Infrastructure decisions are shifting. The hardware profile for running MoE models is different from dense models. MoE models need more memory (to hold all experts) but less compute per query (because fewer experts are active). This affects GPU selection, cluster design, and cloud cost optimisation in ways that matter for deployment planning.
The pace of improvement will continue. MoE has opened a new dimension for scaling. You can increase capability by adding more experts without proportionally increasing inference cost. The capability curve hasn’t flattened. It’s found a new axis to climb. The models you’re building on today will be surpassed in the next twelve months, and MoE is a big reason why.

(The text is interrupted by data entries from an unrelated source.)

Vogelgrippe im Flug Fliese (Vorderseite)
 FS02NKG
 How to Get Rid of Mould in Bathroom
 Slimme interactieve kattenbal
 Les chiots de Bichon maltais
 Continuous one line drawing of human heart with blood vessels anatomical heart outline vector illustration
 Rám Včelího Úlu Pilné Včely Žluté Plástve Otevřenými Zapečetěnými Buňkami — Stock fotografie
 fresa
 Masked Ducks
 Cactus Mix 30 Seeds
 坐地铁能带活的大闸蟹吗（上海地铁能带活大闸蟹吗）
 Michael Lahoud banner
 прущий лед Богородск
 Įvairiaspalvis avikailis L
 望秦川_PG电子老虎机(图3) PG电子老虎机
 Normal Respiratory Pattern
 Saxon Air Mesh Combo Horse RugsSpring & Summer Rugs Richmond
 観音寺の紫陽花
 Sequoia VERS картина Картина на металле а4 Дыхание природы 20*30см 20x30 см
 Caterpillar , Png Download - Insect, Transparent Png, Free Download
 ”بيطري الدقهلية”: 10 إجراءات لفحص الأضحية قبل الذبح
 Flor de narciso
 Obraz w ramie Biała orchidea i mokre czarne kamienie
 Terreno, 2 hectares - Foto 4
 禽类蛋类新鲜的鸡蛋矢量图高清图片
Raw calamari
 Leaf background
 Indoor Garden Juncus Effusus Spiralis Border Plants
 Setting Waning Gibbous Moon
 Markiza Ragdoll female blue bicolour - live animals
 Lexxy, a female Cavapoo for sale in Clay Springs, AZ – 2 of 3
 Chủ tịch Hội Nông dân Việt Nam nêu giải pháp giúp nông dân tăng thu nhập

The moat has shifted. When frontier capability required billion-dollar training runs on massive clusters, the moat was capital and compute access. MoE means architectural innovation and training efficiency matter more than raw compute. That’s why capable models are emerging from smaller labs and open-source communities. The competitive landscape is more dynamic than it was two years ago, and it’s likely to stay that way.
The Quiet Revolution
Mixture of Experts isn’t a flashy announcement. There’s no single moment where it arrived. It’s been a gradual shift, from research curiosity to practical architecture to the dominant paradigm for frontier models.
But step back and look at what changed between the models of early 2025 and early 2026. The quality improvement. The cost reduction. The speed increase. The opening up of access. MoE is the single biggest explanatory factor. It didn’t just make models better. It changed the economics of AI in ways that affect every organisation building with these systems.
The transformer architecture gave us the AI revolution. Mixture of Experts is giving us the AI economy. We’re still in the early chapters of what this makes possible.